Assigned task: Print exactly the lines from the one that contains "Modern living room" through the last line of the material, both included, and leave out all pictures.

Information supplied:
———
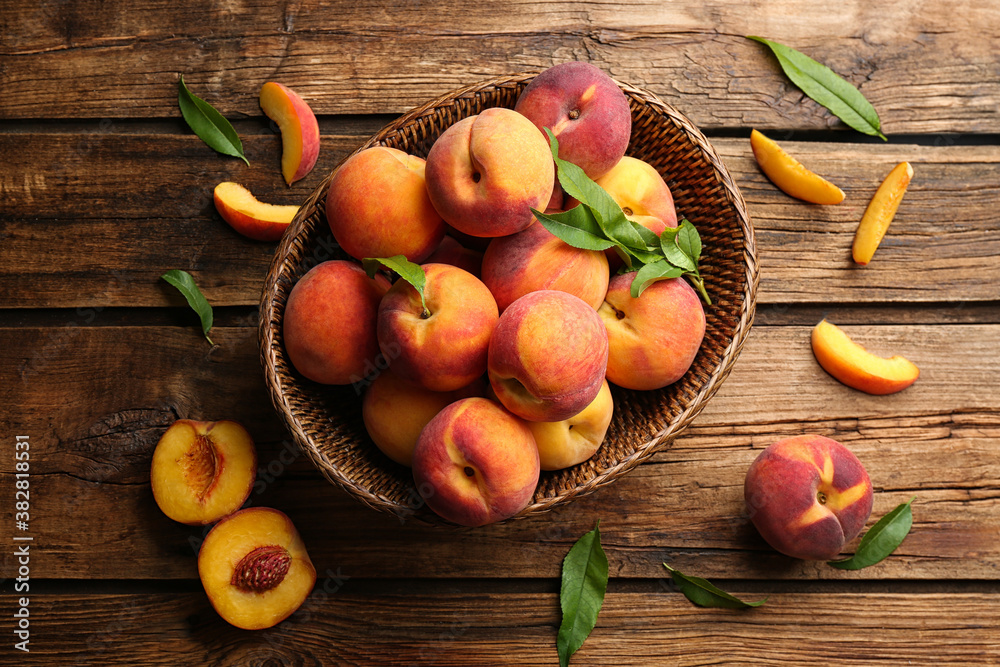 Fresh sweet peaches in wicker basket on wooden table, flat lay Fresh sweet peaches in wicker basket on wooden table, flat lay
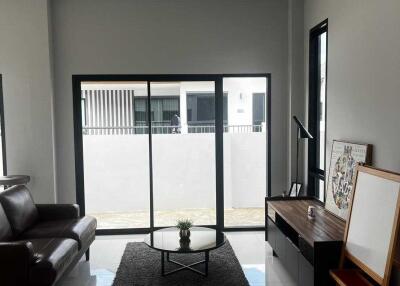 Modern living room with a leather sofa, coffee table, and large windows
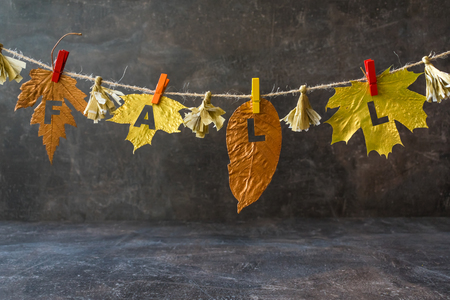 Autumn composition with golden leaves and word FALL on the rope garland. Fall mockup with different metallic paint leaves on a cord with clothespins. Flat lay, top view, copy spaceの写真素材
———
Solution to the problem:
 Modern living room with a leather sofa, coffee table, and large windows
 Autumn composition with golden leaves and word FALL on the rope garland. Fall mockup with different metallic paint leaves on a cord with clothespins. Flat lay, top view, copy spaceの写真素材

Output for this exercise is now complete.